☰
HBase is an open-source, NoSQL, distributed, non-relational, versioned, multi-dimensional, column-oriented store which is built on the same principles as Google BigTable that runs on top of Apache HDFS with random real-time read/write access to data. HBase provides all the features of Google BigTable.
HBase is a distributed database, meaning it is designed to run on a cluster of few to possibly thousands of servers. As a result it is more complicated to install. All the typical problems of distributed computing begin to come into play such as coordination and management of remote processes, locking, data distribution, network latency and number of round trips between servers. Fortunately HBase makes use of several other mature technologies, such as Apache Hadoop and Apache ZooKeeper, to solve many of these issues.
HBase is a column-oriented data store, meaning it stores data by columns rather than by rows. In HBase if there is no data for a given column family, it simply does not store anything at all; contrast this with a relational database which must store null values explicitly. In addition, when retrieving data in HBase, you should only ask for the specific column families you need; because there can literally be millions of columns in a given row, you need to make sure you ask only for the data you actually need.
Like HDFS, HBase architecture follows the traditional master slave model where you have a master which takes decisions and one or more slaves which does the real task.
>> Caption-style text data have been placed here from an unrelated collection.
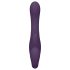 Vive Suki - strap-on vibrator utan remmar - lila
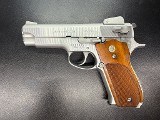 SMITH & WESSON 639 9MM LUGER (9x19 PARA) - 2 of 3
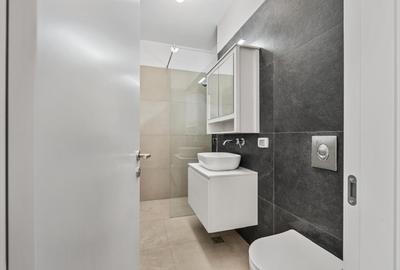 Apartament cu 2 camere, mobilat în Herăstrău - 8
In HBase, the master is called HMaster and slaves are called HRegionServers
As you can see from the above diagram, typically, the HBase cluster has one Master node, called HMaster and multiple Region Servers called HRegionServer. Each Region Server contains multiple Regions called HRegions. Also HBase uses ZooKeeper as a distributed coordination service to maintain server state in the cluster.
Data in HBase is stored in Tables and these Tables are stored in Regions. When a Table becomes too big, the Table is partitioned into multiple Regions. These Regions are assigned to Region Servers across the cluster. Each Region Server hosts roughly the same number of Regions.
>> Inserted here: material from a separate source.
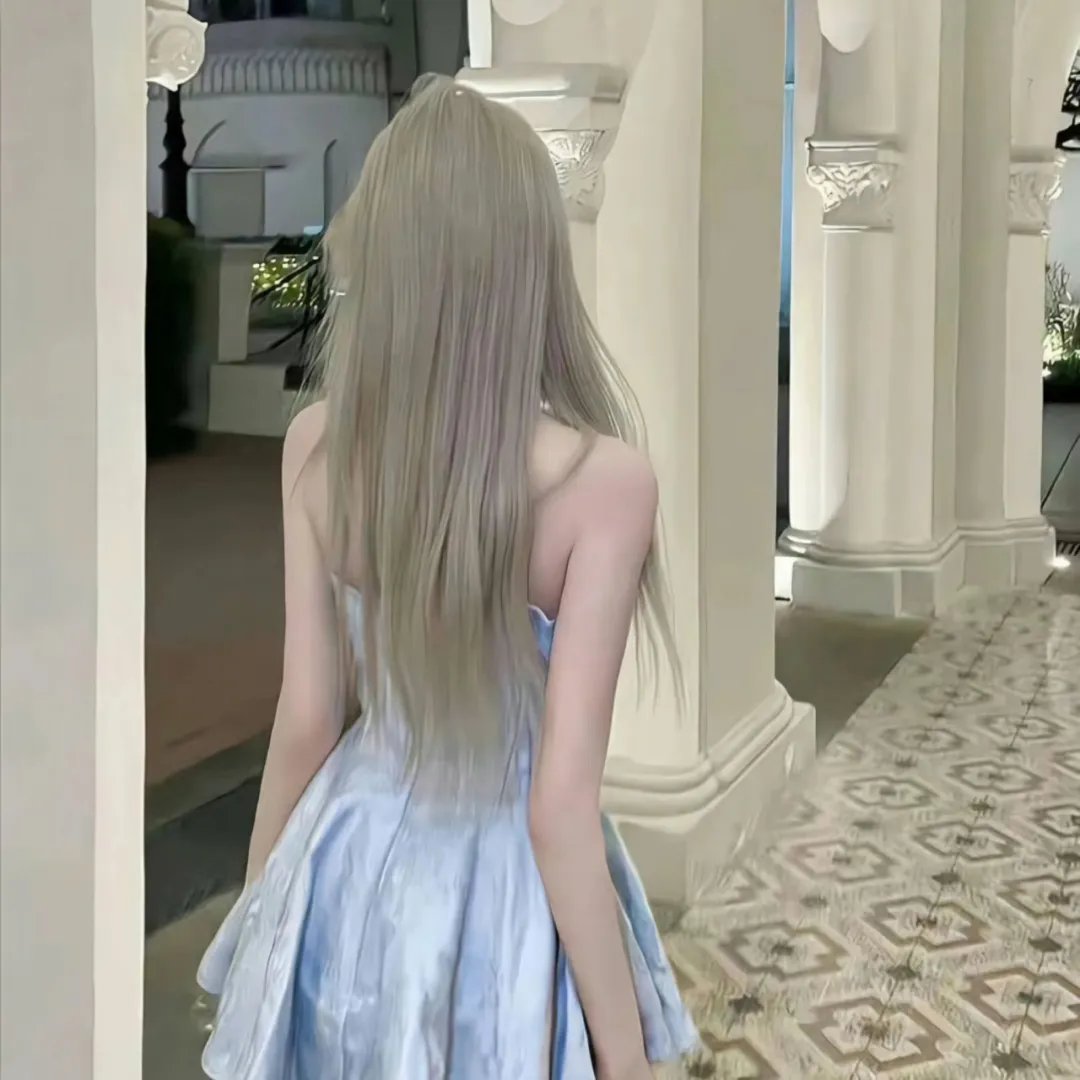 看见爱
Lets see each component in more detail.
HMaster is the implementation of the Master Server. The Master server is responsible for monitoring all RegionServer instances in the cluster, and is the interface for all metadata changes. In a distributed cluster, the Master typically runs on the NameNode.
The HMaster in the HBase is responsible for:
HRegionServer is the RegionServer implementation. It is responsible for serving and managing regions. Regions are nothing but tables that are split up and spread across the region servers. In a distributed cluster, a RegionServer runs on a DataNode.
When Region Server (RS) receives write request, it directs the request to specific Region. Each Region stores set of rows. Rows data can be separated in multiple column families (CFs). Data of particular CF is stored in HStore which consists of Memstore and a set of HFiles.
The HRegionServer perform the following task:
Each Region Server contains a Write-Ahead Log (called HLog) and multiple Regions. Each Region in turn is made up of a MemStore and multiple StoreFiles (HFile). The data lives in these StoreFiles in the form of Column Families (explained below). The MemStore holds in-memory modifications to the Store (data).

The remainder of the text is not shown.